(DATA FOR ANALYSIS)
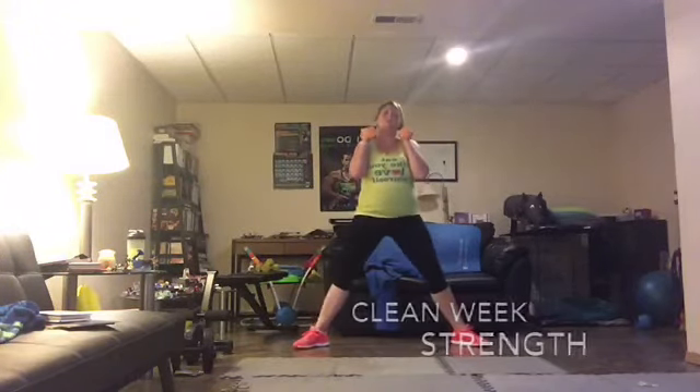Straight down and up. Push the knees away from each other. As you come down to the bottom, squeeze the glutes as you come up to the top. We're working those legs here.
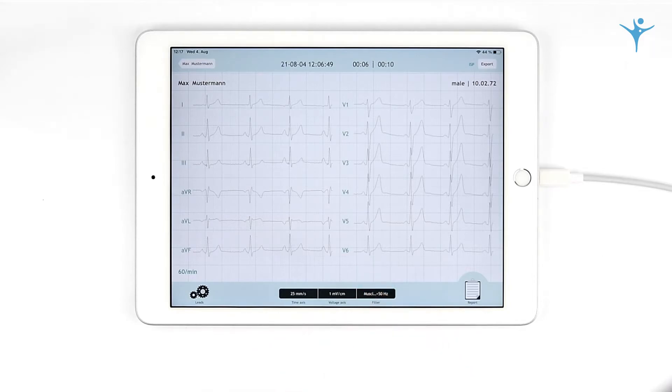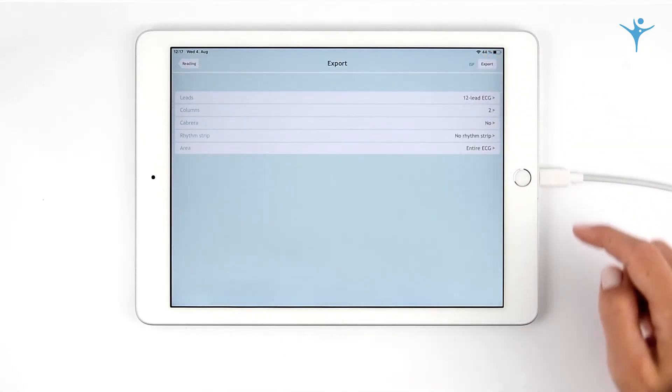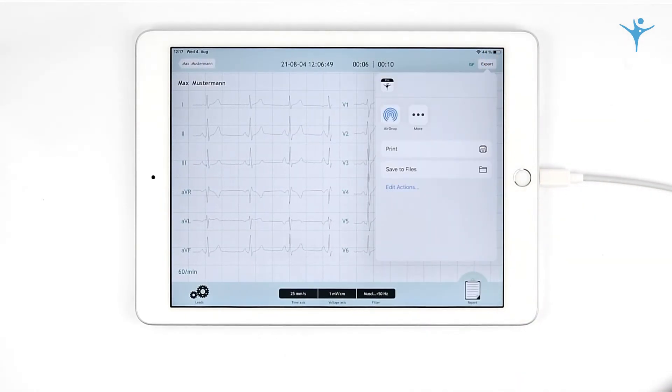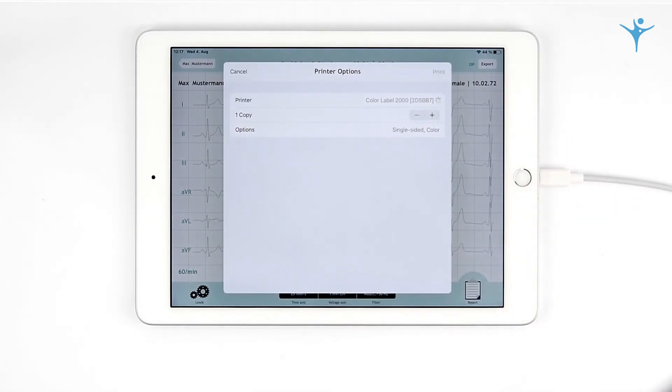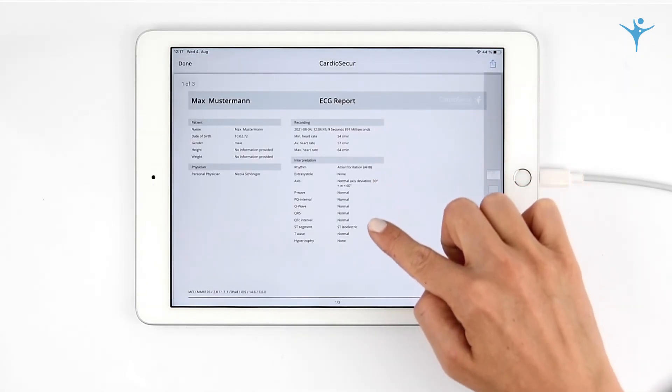Before exporting, CardiSecure offers you several display preferences for your PDF report. Readings can be exported easily and safely via AirDrop, AirPrint, and Email Intranet. Should you require any support, we will be happy to help you.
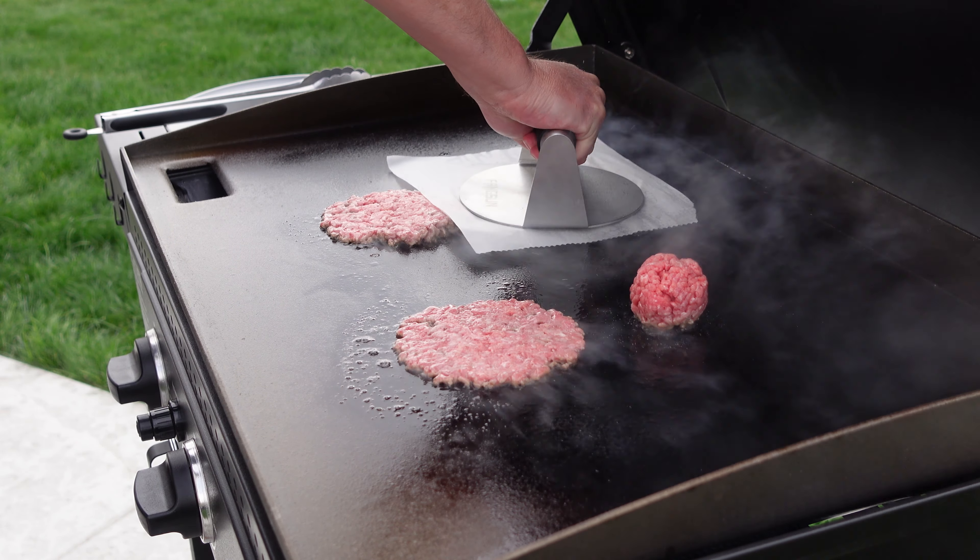Now that they're all smashed, this is the time to add your seasoning. If you have some hamburger seasoning, salt and pepper, or whatever seasoning you like — I'm just using regular hamburger seasoning you can get at any grocery store — sprinkle that on each patty before you flip them.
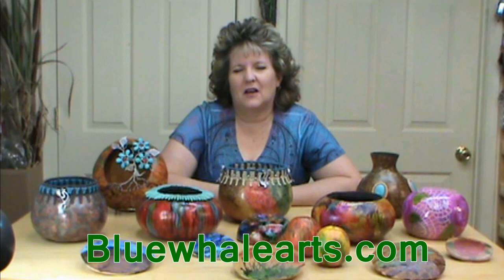One of the great sources for alcohol inks is bluewhalearts.com as well as your local scrapbooking section, so check those out. This is one of many alcohol inks techniques that we are currently doing, so make sure you check out all of our others, give us a thumbs up, and subscribe to our YouTube channel so you can be one of the first to be notified when they are out. God bless.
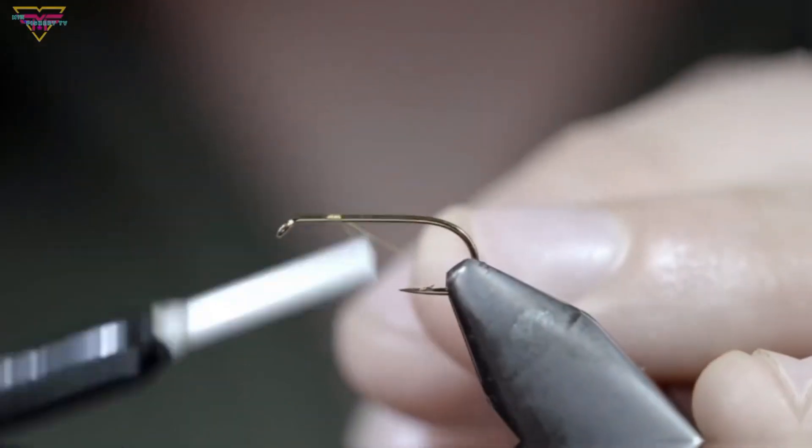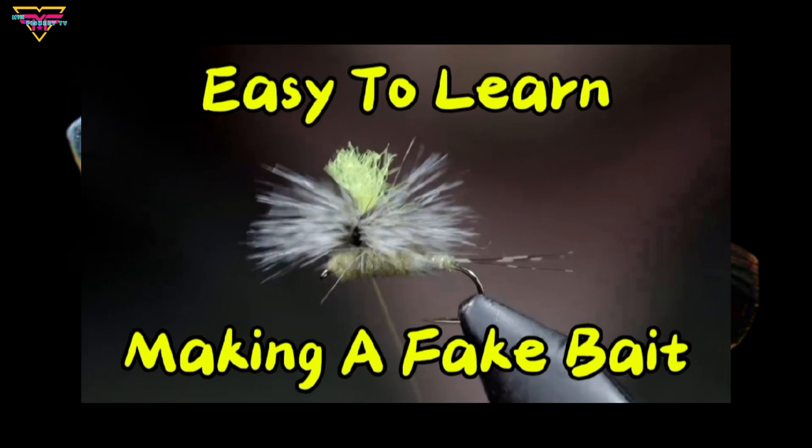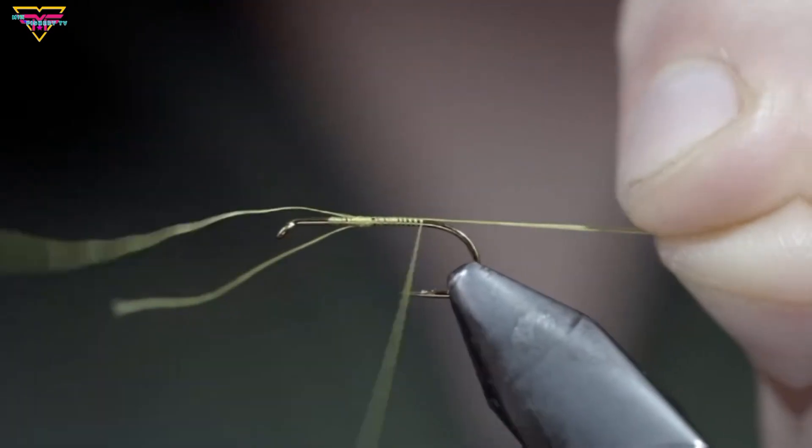Hello viewers, welcome to the class. Today we learn how to make a fake bait. This is the easy way to make fake bait. So keep watching and learn.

(WHAT NEEDS TO BE DONE)
Your copy must consist solely of the lines from the one containing "Before exporting, CardiSecure" through the final line of the material above, transcribed exactly, with the pictures left out.

(COMPLETED EXERCISE)
Before exporting, CardiSecure offers you several display preferences for your PDF report. Readings can be exported easily and safely via AirDrop, AirPrint, and Email Intranet. Should you require any support, we will be happy to help you.
Now that they're all smashed, this is the time to add your seasoning. If you have some hamburger seasoning, salt and pepper, or whatever seasoning you like — I'm just using regular hamburger seasoning you can get at any grocery store — sprinkle that on each patty before you flip them.
One of the great sources for alcohol inks is bluewhalearts.com as well as your local scrapbooking section, so check those out. This is one of many alcohol inks techniques that we are currently doing, so make sure you check out all of our others, give us a thumbs up, and subscribe to our YouTube channel so you can be one of the first to be notified when they are out. God bless.
Hello viewers, welcome to the class. Today we learn how to make a fake bait. This is the easy way to make fake bait. So keep watching and learn.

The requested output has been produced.